The revamping of the Telecom Eireann board will have struck a chord with Government-appointed directors of semi-state companies, such as Aer Lingus, Aer Rianta and Coillte, which are expected to eventually follow Telecom to the stock market. There is little doubt that for many, their days in State board rooms are numbered. It is just a matter of time before financial advisers trigger another purge.
The use by successive governments of their powers to dole out semi-state directorships has been the subject of long-standing cynicism. Friends and allies are often unashamedly slotted into these positions. And each of the political parties has shown itself to be adept at employing this tradition to its own advantage.
The recent round of appointments to the Aer Lingus board bore the fingerprints of the Taoiseach, Mr Ahern. His former election agent Mr Chris Wall, close friend and Fianna Fail party fundraiser Mr Des Richardson and former ministerial colleague Mrs Maire Geoghegan Quinn, received what are perceived as the most attractive directorships within the semi-state sector.
All of these positions carry very little in terms of financial gain, with directors entitled to fees of around £5,000 (#6,349) a year for the duration of their five-year term. But the Aer Lingus board is more attractive as it offers massive concessions to the directors and their family members on all air travel.
An Aer Lingus spokesman refused to disclose the terms of this arrangement, citing company policy. But within the industry it is suggested the directors qualify for the general concessions offered to Aer Lingus staff, where they and family members pay around 10 per cent of the face value of the normal airfare on any route they choose to take with any airline.
And for good measure it is understood that when directors retire, they retain this concession for a period equal to their term of service on the board.

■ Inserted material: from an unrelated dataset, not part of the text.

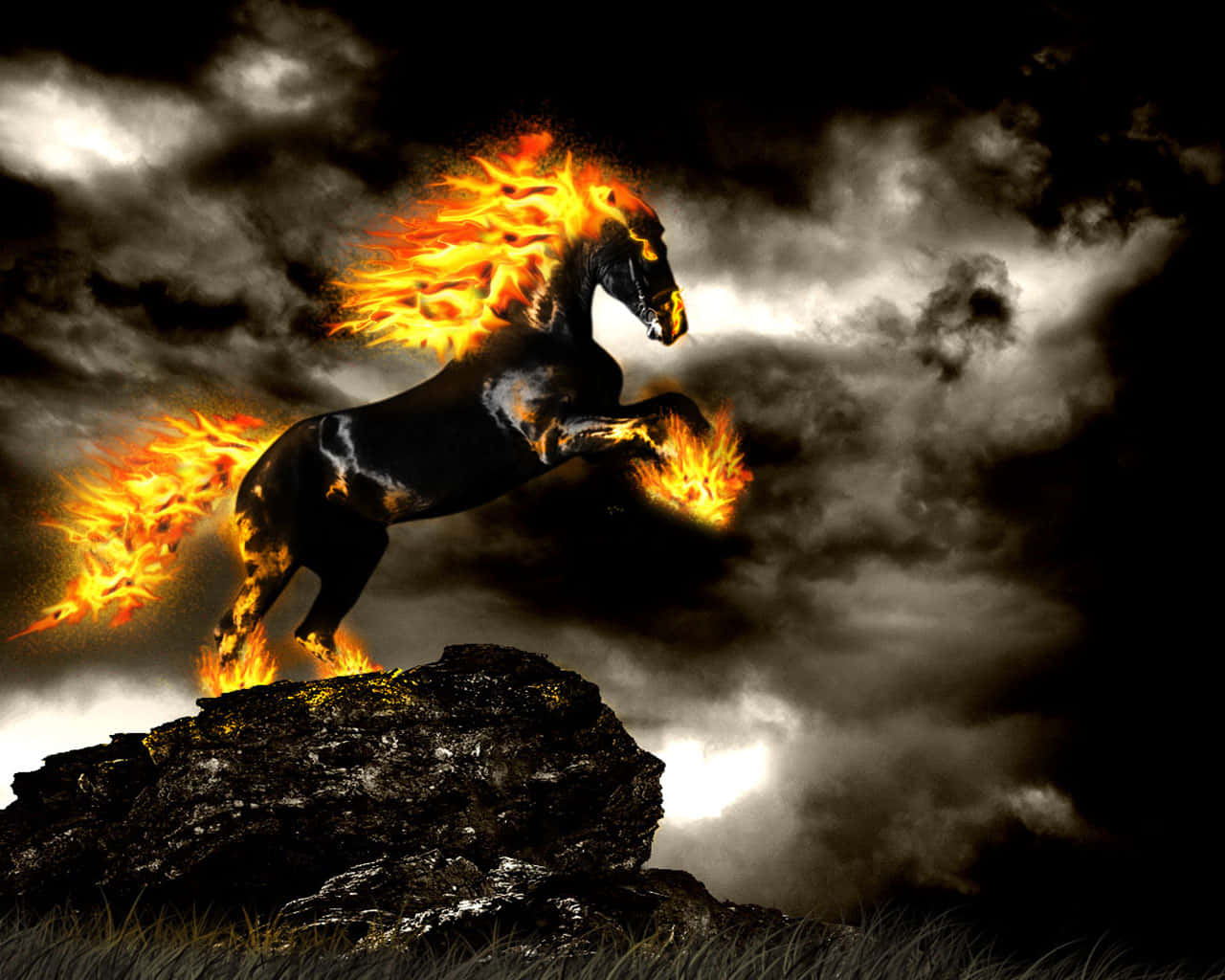 cool horse, black horse, fiery mane, HD Desktop Wallpaper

Aer Rianta is ranked next in terms of perks as it also offers similar air travel concessions to directors, albeit confined to Aer Lingus flights.
IE - where the government must make that appointment - the Minister can put forward their candidate but must inform the Cabinet by memorandum of the individual's name. A spokesman for the Minister for Public Enterprise, Ms O'Rourke - who oversaw the recent Aer Lingus nominations - said that when making an appointment the Minister would select someone who would make a significant contribution to the board. "In some cases those skills may not be apparent in the business sense and that director would be more a representative of the ordinary consumer's interest."
But Ms O'Rourke's radical shake-up of the Telecom board - where, at the suggestion of advisors AIB Capital Markets and Merrill Lynch, the Minister sought to replace five of six Government-appointed directors - has established a precedent.
Individuals nominated for service on semi-state boards can make significant contributions, particularly where they may also be a busy executive director of an international company - offering the benefit of their experience for virtually no financial gain.
In some instances, that contribution has been hugely valuable over the years, helping to steer many of these organisations onto a more commercial path.
But when they finally take the plunge to become a fully fledged publicly quoted company, the mix of skills and experience needed and demanded by shareholders will come under more intense scrutiny than ever before and the axe may fall.
At this juncture, it's clear that money talks. The highly paid advisers enlisted to assist in the flotation of State companies must get the process away successfully by ensuring that international institutional investors will buy the shares. To achieve that they must present a board of directors that shareholders can have confidence in, that is demonstrably on top of its brief and that can be shown to have a high degree of expertise and experience and can withstand international scrutiny.
The primary function of the board of a publicly quoted company is to keep a check on the decisions and intentions of its management on behalf of the shareholders.
It should have a balance of executive and non-executive directors, with the chairman and chief executive positions preferably separate.
Mr Paul Sweetnam, head of Irish equities with Scottish-based fund manager, Standard Life, says the non-executive directors can bring crucial experience and enhance the effectiveness of the board. "It is crucial for shareholders to have confidence firstly in the company's management and to ensure that the board of directors has control of the management, that it reports to the board and has sufficient controls to ensure objectivity."
The chief attribute sought by a public quoted company when recruiting non-executive directors is experience. The same old familiar faces may turn up on several boards but the days of non-executive directors turning up for lunch a few times a year are largely gone.
These directors can command significant fees for their contribution, particularly those on the board of the major plcs where they can earn up to £80,000 a year. By the same token they are expected to sing for their supper.
The reconstructed board of Telecom Eireann bears many of the skills which impress analysts and institutional investors: a chairman with an impressive track record in the telecommunications field, Mr Brian Thompson; the founder and managing director of a publicly quoted company in Mr Jim Flavin and international and Irish board room experience in Mr Ray MacSharry.
When the next batch of family silver comes to be sold, the highly paid corporate advisers will be pressing for a similar mix - whether it's at Aer Lingus, Aer Rianta or Coillte.